Donnerstag, 14. November 2013

1.Advent - Predigt vom Hl. Thomas von Aquin

Zweite Rede 


Der Tag aber hat sich genahet. Röm. 13, 12.

 Der Tag aber ist vierfach, nämlich der Tag der Erbarmung, der Tag der Gnade, der Tag des Gerichtes und der Tag der Herrlichkeit. Der erste Tag ist wunderbar, der zweite ist gnadenvoll, der dritte furchtbar, der vierte wünschenswerth. Der Tag der Erbarmung, d.h. der Geburtstag des Herrn ist wunderbar, weil Gott Mensch, der Mensch Gott, und die Jungfrau Mutter wird.

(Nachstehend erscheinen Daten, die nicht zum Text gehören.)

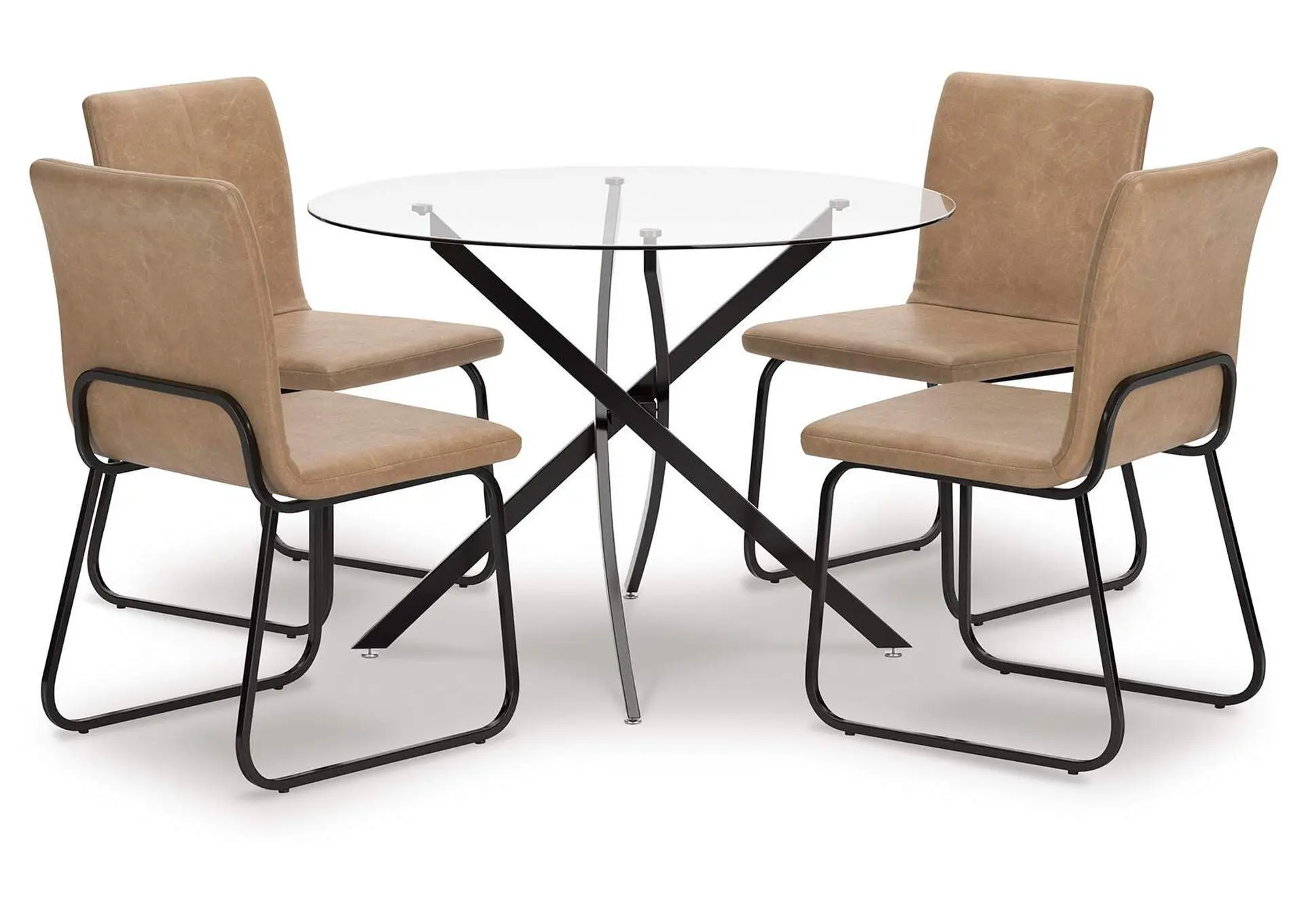 Pharwynn Dining Table and 4 Chairs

Darum heißt es (Philipp. 2.) von Christus: "Welcher weil er in Gottes Gestalt war, es für keinen Raub hielt, Gott gleich zu sein, sondern sich selbst erniedrigte, Knechtsgestalt annahm, den Menschen ähnlich und wie ein Mensch erfunden wurde." Sodann steht geschrieben (Röm. 6.): "Von welcher Christus ist nach dein Fleische, welcher über Alles hochgepriesen ist, Gott in Ewigkeit. Amen." Von beiden sagt der heilige Augustin: "Heute wurde Gott Mensch, damit der Mensch Gott würde." Vom dritten sagt der Prophet Isaias (7. Kap.): "Sieh eine Jungfrau wird empfangen und einen Sohn gebären."

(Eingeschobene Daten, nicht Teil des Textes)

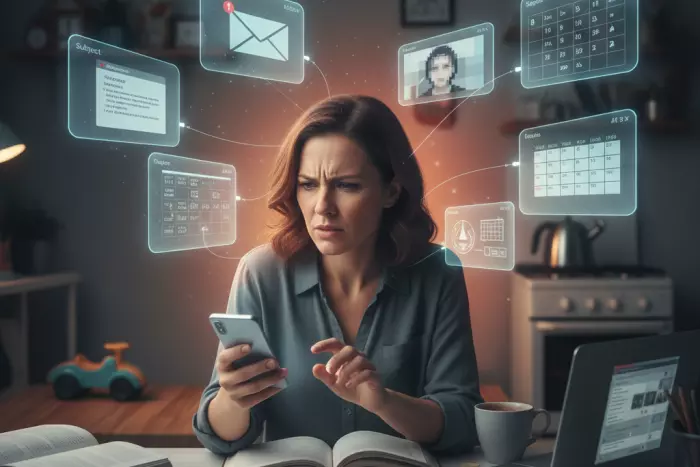 Fragmented attention driving irritability and mood swings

Der Tag der Gnade ist gnadenvoll, weil die Gnade Gottes reichlich ausgegossen, die Gewalt des Satans gebrochen und die Kraft der Sünde vertilgt wird, und daraus erhellt, daß der Mensch leicht und ohne Hinderniß Gott dienen kann. Vom ersten heißt es (Tit. 2.): "Es erschien die Gnade Gottes, unsers Erlösers;" vom zweiten (Hebr. 2.): "Damit er durch den Tod den vernichtete, welcher die Gewalt des Todes hat, d.h. den Teufel." Vom dritten steht geschrieben (Röm. 6.): "Unser alter Mensch ist gekreuzigt, damit der Leib der Sünde vernichtet würde."

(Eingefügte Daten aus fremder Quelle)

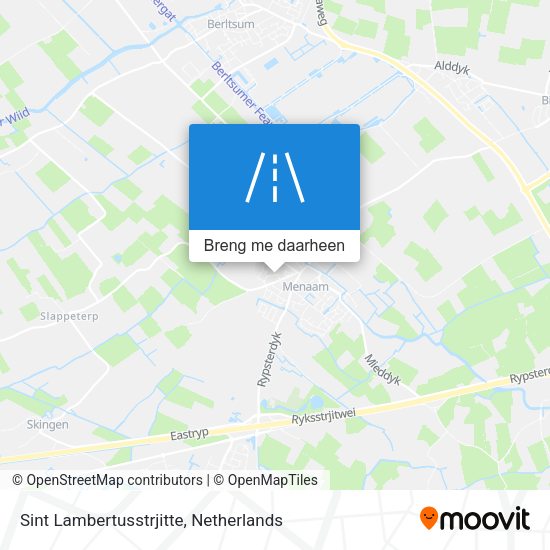Sint Lambertusstrjitte kaart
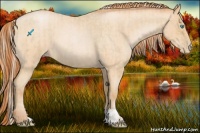 Horse Color:Silver Buckskin Roan Pearl  and Buckskin Roan Pearl 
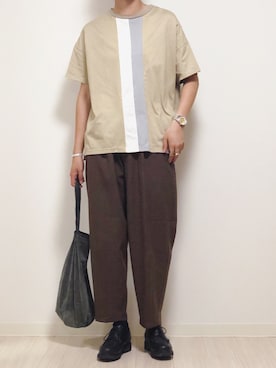 「Johnbull Private labo（ジョンブルプライベートラボ）のアイテム（パンツ）」を使った、reposukeさん（メンズ・173cm）の秋コーディネート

Der Tag des Gerichtes ist für die Bösen fürchterlich, weil sie strenge vom gerechten Richter gerichtet, weil sie von jeder Kreatur angeklagt und mit der ewigen Verdamniß bestraft werden. Darum steht in Betreff des ersten geschrieben (Sprichw. 6.): "Der Eifer und der Zorn des Mannes verschont an dem Tage der Rache nicht;" in Betreff des zweiten (Weih. 5.): "Er wird die Kreatur zur Rache an den Feinden waffnen;" in Betreff des dritten (Judith. 16.): "Er wird sie heimsuchen und mit Feuer und Würmern ihr Fleisch bestrafen." und wiederum (Matth. 25.): "Und er wird zu denen sprechen, welche zu seiner linken stehen: Weichet von mir, Verfluchte in das ewige Feuer."

Der Tag der Herrlichkeit ist wünschenswerth, weil der Himmel erneuert, der Merrich glückselg und jede Kreatur mit Ausnahme der Gottlosen erneuert werden wird. In Betreff des ersten steht geschrieben (Eph. 1.): "Indem er vorherbestimmte, Alles wieder herzustellen, was im Himmel und was auf der Erde ist, in ihm, d.h. in Christus," und bei dem Psalmisten (109.): "Es richtet über die Völker und wird den Verfall anfüllen." In Betreff des zweiten heißt es (Phil. 3.): "Wir erwarten den Erlöser, unsern Herrn Jesus Christus, welcher umgestaltet den Leib unserer Niedrigkeit nach dem Leibe seiner Herrlichkeit." In Betreff des dritten (Offenb. 21.) "Und es sprach dies, der auf dem Throne saß: Sieh, ich mache Alles neu." Darum sehnen sich nach diesem Tag die Engel und Menschen, und alle Kreaturen, wozu uns der führen möge, welcher lebt in alle Ewigkeit. Amen.

Dritte Rede


 Lasst uns die Waffen des Lichtes anziehen. Röm. 13, 12.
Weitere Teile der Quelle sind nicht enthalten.